These were the little ones I was telling you about on Saturday  they are so chunky it's kinda funny!


----------



## salemsparklys

Bless, will be interesting to see them up and running


----------



## Sizzlea89

Haha it sure will be! Not long now! Haha a few days at most and I will have hoppers!


----------



## TwitchingWhiskers

They look very nice and chunky. I'm so glad you got a litter that is doing well


----------



## Sizzlea89

They are huge compared to previous litters


----------



## TwitchingWhiskers

That's a very good sign. One of my previous litters was fat and chubby, and the mice I raised from the litter are now real stunners, good type and size.


----------



## Sizzlea89

That's great! It's always a bonus when they grow up to be big healthy babies!


----------



## TwitchingWhiskers

Sure is!


----------



## Sizzlea89

Have you got pictures up? I would love to see them


----------



## TwitchingWhiskers

One is a doe, TWM's Kira; the other is a buck, he has no real name though I have been calling him Stanley. :lol: I will try to get pictures soon, it's probably time I got updated photos of my bunch anyway. Just so you know, they are pet type, so they won't be super stunning large tulip ears or anything; they are good type compared to my other mice. I will have show mice one day.


----------



## Sizzlea89

Awesome I will have a look! Stanley is an awesome name! One of mine is called Trevor haha! I'm the same mine are all pets, I wouldn't even know how to get a hold of a show type! I just like their colours and faces  iv been lucky with the ones i have managed to get! I still have big old frank that was my first mouse. He is now retired but I'm keeping him and then fudge which was my 2nd mouse believed to have been female when I was handed him. Poor wee guy! Es away to his new home now and being spoiled!  I do miss ones that leave us! I'm just waiting for this litter to be fully weaned now so I can grow them to rehome!
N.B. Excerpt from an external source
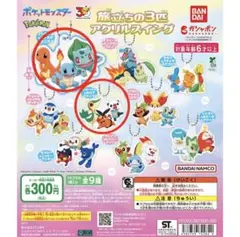 ポケモン　旅立ちの3匹　アクリルスイング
Iv got a deal with the local pet shop


----------



## TwitchingWhiskers

Stanley's a big boy, kind of pudgy too. :lol: I think I could get a hold of show type mice, but I'm still preparing myself and learning as much as I can. That's the most important thing for me, easing into it, no rush... and waiting until I am FULLY prepared before jumping into something I cannot handle. The pet types that I breed are not only practice for me, but I also have goals for them; I will not breed without goals, I see that as plain irresponsible. Anyway, still no pictures of them, I will try to remember! There is one picture of Kira on my baby thread; it's Current Litters - Ginger and Mr. Puffs Babies.


----------



## Sizzlea89

Yeah your right! You should always have a goal! Mine is currently to produce some blues from a doe that has blue parents and a blue buck from a friend, didn't work out too well this time around but I'm sure I will manage. The local pet shop is currently waiting for this litter to be ready which is good because at least they will all find pet homes


----------



## TwitchingWhiskers

Yep, lot's of goals. Blues are very nice, I hope you get some.


----------



## Sizzlea89

Haha trying my best  well the mice are, just being careful to space litters out. By the way mr. Puff! What an awesome name! Haha cute!!


----------



## TwitchingWhiskers

Thanks!


----------



## fancyteddy1

Beautiful! Love the pied ones! 

What's the cat food you fed momma, if you dont mind me asking?


----------



## Sizzlea89

It's kitten food, I can't remember what make that was because iv had to change my kittens food several times, just now she is on whiskers. She has been having terrible problems with her digestive system. Poor little 7 month old cat!


----------



## TwitchingWhiskers

Pictures are in: Bro n' Sis


----------



## Sizzlea89

Ooh I will go have a look


----------



## Sizzlea89

Up to date photo, the 2 white males and the brown and white female is sold.
The rest are still to find homes


----------



## Sizzlea89

So I took some photos of buttons and mini buttons!


----------



## TwitchingWhiskers

Oh my gosh, I love it! Buttons and mini buttons... the best!!


----------



## Lyra

In the first and second photo, they almost look like mirror reflections! Cool!


----------



## Sizzlea89

Mini buttons has been named misty! But I just thought it was cute! She is almost her mums double! I sat for 20 minutes with a rubbish iPod camera trying to get pictures haha! Not an easy task! Most of the pictures were blurred or rump side haha! These were the best I got! Glad they got viewed  they are doing great! Only youngster out of the litter I kept just because she is so similar to her mum! So pleased with the outcome of that litter and now that they are all away to new homes within a week of the ad going up!  only got bucks from another does litter left and have no idea what I'm going to do with the extra bucks! Got 6 needing homes. I am sure they will get somewhere eventually!


----------



## Sizzlea89

Buttons has been my favourite since I swapped a troop of 12 males for her and her 2 sisters! She was 8 weeks old and I picked her first haha! Wee coffee was an extra bonus but she's a muncher and is just cute and cuddly!


----------